### Record excerpts
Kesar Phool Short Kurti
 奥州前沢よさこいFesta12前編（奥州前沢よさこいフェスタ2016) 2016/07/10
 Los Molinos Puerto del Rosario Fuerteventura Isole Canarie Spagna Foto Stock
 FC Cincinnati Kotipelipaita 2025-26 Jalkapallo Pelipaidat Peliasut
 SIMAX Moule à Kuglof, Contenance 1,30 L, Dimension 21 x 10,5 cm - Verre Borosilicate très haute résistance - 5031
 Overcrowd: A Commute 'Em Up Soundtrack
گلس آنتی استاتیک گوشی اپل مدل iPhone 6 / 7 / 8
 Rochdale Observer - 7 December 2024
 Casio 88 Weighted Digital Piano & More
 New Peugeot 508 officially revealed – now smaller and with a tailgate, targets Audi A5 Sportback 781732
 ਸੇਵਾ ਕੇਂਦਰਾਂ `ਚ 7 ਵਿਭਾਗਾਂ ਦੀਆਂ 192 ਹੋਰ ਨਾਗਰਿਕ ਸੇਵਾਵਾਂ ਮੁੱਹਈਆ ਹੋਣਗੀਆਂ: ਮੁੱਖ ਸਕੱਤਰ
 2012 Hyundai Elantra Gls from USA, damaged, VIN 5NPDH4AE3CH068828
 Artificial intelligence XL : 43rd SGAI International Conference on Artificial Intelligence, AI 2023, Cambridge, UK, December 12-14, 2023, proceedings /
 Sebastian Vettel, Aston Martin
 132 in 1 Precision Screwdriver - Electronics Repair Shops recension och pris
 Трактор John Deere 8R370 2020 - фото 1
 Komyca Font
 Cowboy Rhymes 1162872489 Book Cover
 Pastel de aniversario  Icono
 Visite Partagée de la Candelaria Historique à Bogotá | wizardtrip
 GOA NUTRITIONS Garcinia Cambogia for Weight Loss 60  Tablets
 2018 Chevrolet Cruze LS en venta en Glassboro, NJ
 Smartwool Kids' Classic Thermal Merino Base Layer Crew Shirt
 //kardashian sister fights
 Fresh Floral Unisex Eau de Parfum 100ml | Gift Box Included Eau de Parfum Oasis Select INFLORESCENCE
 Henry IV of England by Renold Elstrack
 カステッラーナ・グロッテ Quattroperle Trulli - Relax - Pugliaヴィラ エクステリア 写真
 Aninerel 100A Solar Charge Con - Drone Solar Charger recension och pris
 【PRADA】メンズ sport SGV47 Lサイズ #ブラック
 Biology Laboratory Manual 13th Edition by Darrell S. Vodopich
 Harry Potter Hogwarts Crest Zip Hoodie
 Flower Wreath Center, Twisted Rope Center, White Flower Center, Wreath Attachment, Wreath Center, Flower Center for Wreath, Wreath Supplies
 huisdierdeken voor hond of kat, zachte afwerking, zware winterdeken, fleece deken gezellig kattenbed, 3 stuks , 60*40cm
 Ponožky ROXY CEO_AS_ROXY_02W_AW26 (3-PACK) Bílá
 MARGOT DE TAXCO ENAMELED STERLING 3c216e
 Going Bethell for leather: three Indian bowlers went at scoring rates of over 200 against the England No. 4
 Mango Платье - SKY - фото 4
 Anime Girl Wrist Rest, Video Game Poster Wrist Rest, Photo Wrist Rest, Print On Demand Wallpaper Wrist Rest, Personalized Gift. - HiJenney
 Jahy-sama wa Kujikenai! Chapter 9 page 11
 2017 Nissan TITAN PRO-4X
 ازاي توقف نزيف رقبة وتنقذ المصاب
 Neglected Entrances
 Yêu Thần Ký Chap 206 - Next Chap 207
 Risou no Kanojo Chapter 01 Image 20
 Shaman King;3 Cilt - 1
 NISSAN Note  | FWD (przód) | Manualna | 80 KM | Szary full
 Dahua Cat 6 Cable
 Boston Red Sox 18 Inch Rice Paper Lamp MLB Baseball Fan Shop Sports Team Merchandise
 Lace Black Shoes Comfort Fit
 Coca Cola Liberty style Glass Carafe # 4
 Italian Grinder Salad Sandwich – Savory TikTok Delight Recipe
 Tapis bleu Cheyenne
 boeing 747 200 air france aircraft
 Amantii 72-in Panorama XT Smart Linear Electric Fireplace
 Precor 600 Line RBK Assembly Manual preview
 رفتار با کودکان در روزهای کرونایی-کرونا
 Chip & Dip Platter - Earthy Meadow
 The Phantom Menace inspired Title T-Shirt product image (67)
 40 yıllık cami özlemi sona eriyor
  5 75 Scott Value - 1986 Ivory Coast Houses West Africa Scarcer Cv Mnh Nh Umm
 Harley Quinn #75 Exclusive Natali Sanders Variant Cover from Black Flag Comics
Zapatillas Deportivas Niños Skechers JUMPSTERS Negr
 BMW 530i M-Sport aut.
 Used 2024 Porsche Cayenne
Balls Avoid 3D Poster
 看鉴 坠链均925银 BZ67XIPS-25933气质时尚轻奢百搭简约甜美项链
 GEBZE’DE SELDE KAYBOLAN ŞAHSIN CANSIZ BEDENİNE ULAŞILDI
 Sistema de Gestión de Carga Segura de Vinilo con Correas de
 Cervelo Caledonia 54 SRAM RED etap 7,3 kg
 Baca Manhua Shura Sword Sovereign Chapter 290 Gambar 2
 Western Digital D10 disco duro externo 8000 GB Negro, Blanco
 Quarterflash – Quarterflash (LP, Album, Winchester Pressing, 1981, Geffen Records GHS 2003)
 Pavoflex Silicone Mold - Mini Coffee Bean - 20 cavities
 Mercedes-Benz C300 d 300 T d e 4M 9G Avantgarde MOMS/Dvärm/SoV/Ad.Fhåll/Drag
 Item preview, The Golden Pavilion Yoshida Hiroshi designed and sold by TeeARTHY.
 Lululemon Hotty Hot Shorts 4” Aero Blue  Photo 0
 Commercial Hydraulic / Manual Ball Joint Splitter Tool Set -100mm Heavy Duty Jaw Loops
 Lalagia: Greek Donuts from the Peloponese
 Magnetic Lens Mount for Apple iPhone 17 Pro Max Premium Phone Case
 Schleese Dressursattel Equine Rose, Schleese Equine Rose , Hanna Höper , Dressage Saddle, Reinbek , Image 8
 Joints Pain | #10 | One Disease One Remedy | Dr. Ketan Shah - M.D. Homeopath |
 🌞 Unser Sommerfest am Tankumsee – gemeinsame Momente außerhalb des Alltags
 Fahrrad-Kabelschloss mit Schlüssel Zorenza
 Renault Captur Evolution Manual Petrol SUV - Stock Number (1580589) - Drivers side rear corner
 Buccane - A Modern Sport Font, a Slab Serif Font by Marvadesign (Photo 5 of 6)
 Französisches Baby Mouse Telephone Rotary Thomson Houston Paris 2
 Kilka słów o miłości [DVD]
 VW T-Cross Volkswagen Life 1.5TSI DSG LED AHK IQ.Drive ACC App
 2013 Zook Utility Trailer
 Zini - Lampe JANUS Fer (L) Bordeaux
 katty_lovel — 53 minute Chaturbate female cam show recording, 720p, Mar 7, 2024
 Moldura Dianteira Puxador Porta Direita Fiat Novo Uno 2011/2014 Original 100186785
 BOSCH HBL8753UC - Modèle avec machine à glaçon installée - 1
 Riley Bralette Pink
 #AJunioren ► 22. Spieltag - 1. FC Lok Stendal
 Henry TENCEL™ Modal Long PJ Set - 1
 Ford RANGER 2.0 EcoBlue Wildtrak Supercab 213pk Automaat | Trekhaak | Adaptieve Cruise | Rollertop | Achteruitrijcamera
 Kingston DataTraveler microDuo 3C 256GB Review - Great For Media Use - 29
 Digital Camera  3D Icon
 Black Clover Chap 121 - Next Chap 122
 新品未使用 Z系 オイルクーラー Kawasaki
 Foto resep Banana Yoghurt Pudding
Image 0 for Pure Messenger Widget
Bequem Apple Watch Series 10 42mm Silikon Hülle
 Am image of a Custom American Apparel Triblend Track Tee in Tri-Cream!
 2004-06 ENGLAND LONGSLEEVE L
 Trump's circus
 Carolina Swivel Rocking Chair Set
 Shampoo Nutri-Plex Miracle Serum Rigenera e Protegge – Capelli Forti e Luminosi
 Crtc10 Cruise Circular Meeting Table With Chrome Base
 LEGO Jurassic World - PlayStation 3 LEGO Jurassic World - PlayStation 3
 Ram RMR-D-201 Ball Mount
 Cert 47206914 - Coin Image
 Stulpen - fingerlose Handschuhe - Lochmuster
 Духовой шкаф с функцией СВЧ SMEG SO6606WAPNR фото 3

### Your goal
Using the records above, find and show each line with the string "Cruise".

### Result of this task
 Ford RANGER 2.0 EcoBlue Wildtrak Supercab 213pk Automaat | Trekhaak | Adaptieve Cruise | Rollertop | Achteruitrijcamera
 Crtc10 Cruise Circular Meeting Table With Chrome Base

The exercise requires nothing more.